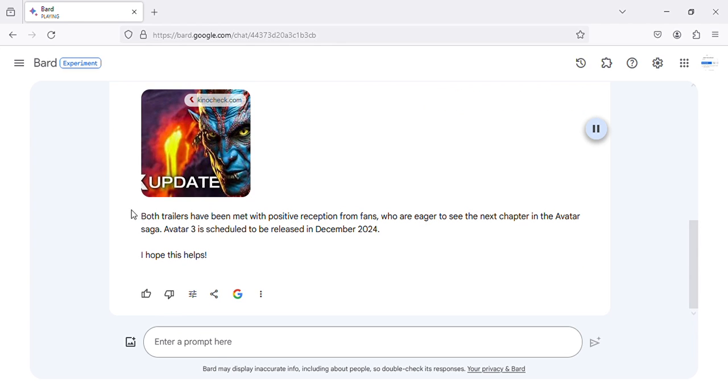Both trailers have been met with positive reception from fans, who are eager to see the next chapter in the Avatar saga. Avatar 3 is scheduled to be released in December 2024.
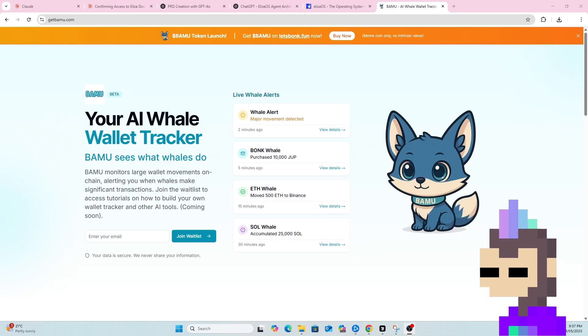Alright, so I thought I'd record a quick video here to talk through the process of building the AI Whale Wallet Tracker using ElizaOS. I'm just going to kind of build and record as I go, so hopefully people can see the progress and maybe learn some tips or tricks on how to use AI to build their own projects.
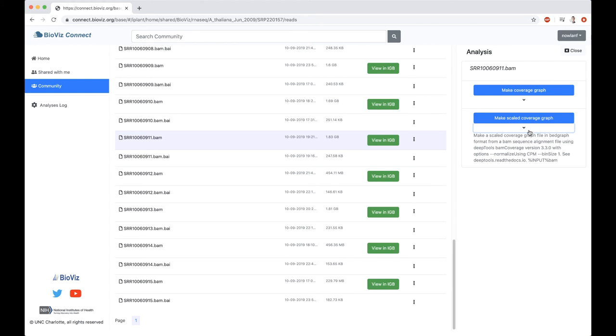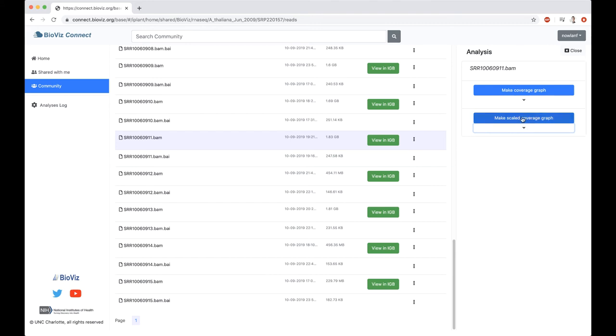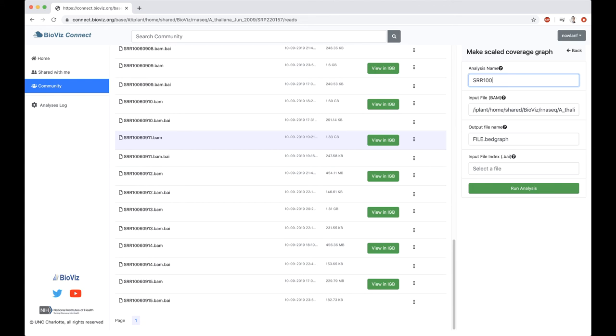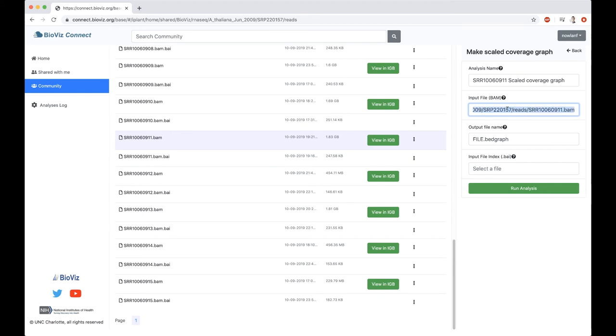You can click on here to see more about it. This is using DeepTools BAM coverage, and it's going to do some scaling on that using counts per million mapped reads. I'm going to go ahead and click on Make Scaled Coverage Graph. We've got a couple options available to us. Try to keep it pretty basic. I'm going to name this my file name. It's SRR10060911. I'm just going to say Scaled Coverage Graph. This is just for my own knowledge of what I'm running. We've auto-filled in the BAM file here.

━━━━━━━━━━━━━━━━

Exercise aim
What you give back should be exactly the lines from the top of the data above down to and including the line with "Alright, so I", minus any pictures.

Response
Both trailers have been met with positive reception from fans, who are eager to see the next chapter in the Avatar saga. Avatar 3 is scheduled to be released in December 2024.
Alright, so I thought I'd record a quick video here to talk through the process of building the AI Whale Wallet Tracker using ElizaOS. I'm just going to kind of build and record as I go, so hopefully people can see the progress and maybe learn some tips or tricks on how to use AI to build their own projects.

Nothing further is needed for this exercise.